Trigger-happy investors sent shares of Lehman Brothers Holdings Inc. on a roller-coaster ride yesterday, illustrating how quickly investors will react as they wait for the next shoe to drop from the subprime mortgage market.
Lehman Brothers' shares were down 3.5 per cent by early afternoon on rumours that it could be the subprime mortgage market's next big victim. The stock rebounded to $71.65 (U.S.), down 1.93 per cent on the New York Stock Exchange, after the company denied speculation it is struggling with large losses on subprime mortgage securities.
The market is on edge after this week's news that two Bear Stearns Co. hedge funds have very little value left. The performance of those two funds reflects, in part, unprecedented declines in the value of a number of subprime-related securities that were highly rated - at double-A or triple-A - Bear Stearns said in a letter to clients that was obtained by The Wall Street Journal. Preliminary estimates show that there is "effectively no value left for the investors" in one of the funds and "very little" left in the other, the letter said.
The Bear Stearns admission will almost certainly trigger a mass revaluation of portfolios with similar investments in collateralized debt obligations, or CDOs, causing big writedowns at the banks, said Richard Bove, an analyst with Punk Ziegel & Co. He downgraded virtually all of the Wall Street banks yesterday on the Bear Stearns news.

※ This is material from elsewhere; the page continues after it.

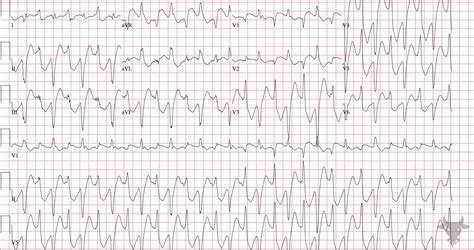 Digoxin Toxicity | ECG Stampede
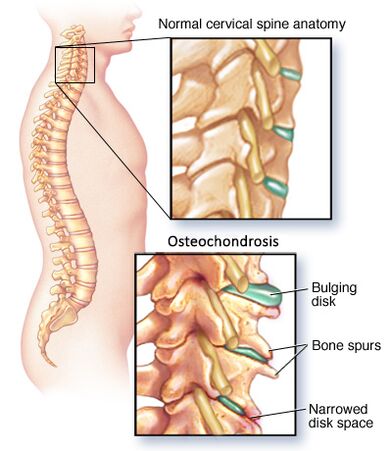 emakakaela osteokondroos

He said the collapse of the two Bear hedge funds does not reflect a problem at the firm itself, but reveals troubles with the entire system.
"The banks are overstating the quality of assets on their balance sheets," he said. "When they go back and look at these securities, it could be up to a 15- to 20-per-cent devaluation."
If the assets of the Bear Stearns funds are liquidated, their true market value will likely come to light, Blackmont Capital analyst Brad Smith noted.
"It's quite likely that more information will come to the surface now," Mr. Smith said in an interview. "It's a developing situation that should not be ignored by the market."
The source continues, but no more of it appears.